Correction: some people *believe* Shakespear stole other people's work. However, theory and fact are two very different things.

 

 

But anyway, what no-one has mentioned so far is that all authors have a choice. If an author wants other people to be able to modify his work without even giving credit or asking for permission, there are numerous licenses he can use which will allow him to do precisely that. If an author doesn't want other people to steal his work, there are numerous other licenses which allow for that too. We're talking about things that are draconian or morally dubious, but forcing an author to do things in a way he doesn't want to is one of the most draconian and morally dubious things I can think of. As I said, it'd just encourage many people not to release their mods to the public it at all.

 

If the reader is really that desperate to take someone else's hard work and modify it for his own purposes, he has many choices:

 

1) Ask permission. As I said, what's a 30 second e-mail compared to dozens, hundreds or perhaps thousands of hours of work?

2) Modify the work but don't publically release it. This isn't illegal, and it does no harm to the author.

3) Find a similar work that's under a less restrictive license, and modify that instead.

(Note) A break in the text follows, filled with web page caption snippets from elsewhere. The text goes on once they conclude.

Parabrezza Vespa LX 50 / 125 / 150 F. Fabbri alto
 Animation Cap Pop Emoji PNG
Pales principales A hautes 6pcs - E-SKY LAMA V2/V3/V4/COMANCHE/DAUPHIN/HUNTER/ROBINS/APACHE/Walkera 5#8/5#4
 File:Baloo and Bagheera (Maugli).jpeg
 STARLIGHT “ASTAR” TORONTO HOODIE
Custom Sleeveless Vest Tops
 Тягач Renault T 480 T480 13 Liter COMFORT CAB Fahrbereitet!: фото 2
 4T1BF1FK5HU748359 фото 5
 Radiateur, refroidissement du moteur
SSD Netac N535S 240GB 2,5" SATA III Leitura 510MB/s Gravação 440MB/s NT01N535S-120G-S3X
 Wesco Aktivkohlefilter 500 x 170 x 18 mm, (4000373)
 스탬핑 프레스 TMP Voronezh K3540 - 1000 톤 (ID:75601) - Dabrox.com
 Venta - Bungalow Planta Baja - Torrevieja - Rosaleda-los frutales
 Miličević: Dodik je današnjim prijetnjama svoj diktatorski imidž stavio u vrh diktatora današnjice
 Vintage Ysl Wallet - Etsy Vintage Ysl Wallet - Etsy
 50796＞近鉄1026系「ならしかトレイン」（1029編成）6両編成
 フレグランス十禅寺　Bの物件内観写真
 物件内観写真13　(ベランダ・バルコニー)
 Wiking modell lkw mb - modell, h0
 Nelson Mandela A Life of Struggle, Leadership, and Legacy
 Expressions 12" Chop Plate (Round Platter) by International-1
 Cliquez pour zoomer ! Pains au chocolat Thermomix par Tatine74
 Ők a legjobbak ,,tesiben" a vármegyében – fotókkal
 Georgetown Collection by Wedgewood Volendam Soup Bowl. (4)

4) Create his own, similar but new work from scratch. Personally I prefer this option, since it actually encourages creativity and innovation - never a bad thing.

 

On the other hand, if an author is forced to release his work under a license he doesn't like, what choice does he have? None, other than to not release it to the public.

 

Of course, you can tell authors who prefer the more restrictive arguments that they're somehow "wrong", "selfish", "evil" or whatever until you're blue in the face, but since you're not going to change their minds, what exactly is the point? This thread already contains numerous reasons why authors shouldn't be *forced* to work under less restrictive licenses, and the entire point is that it is - and should always remain - a choice. We all (well, most of us) live in a democratic society, and I'm sure most of us would agree that restricting peoples' rights is never a good idea. In a case like this where the rights of two people conflict, the one which would do the least harm to both people should have the priority; and in this case, that's allowing the author the right to do with his work as he sees fit, not the reader... especially as it inspires prospective authors to be inventive and original, rather than unimaginative and clichéd.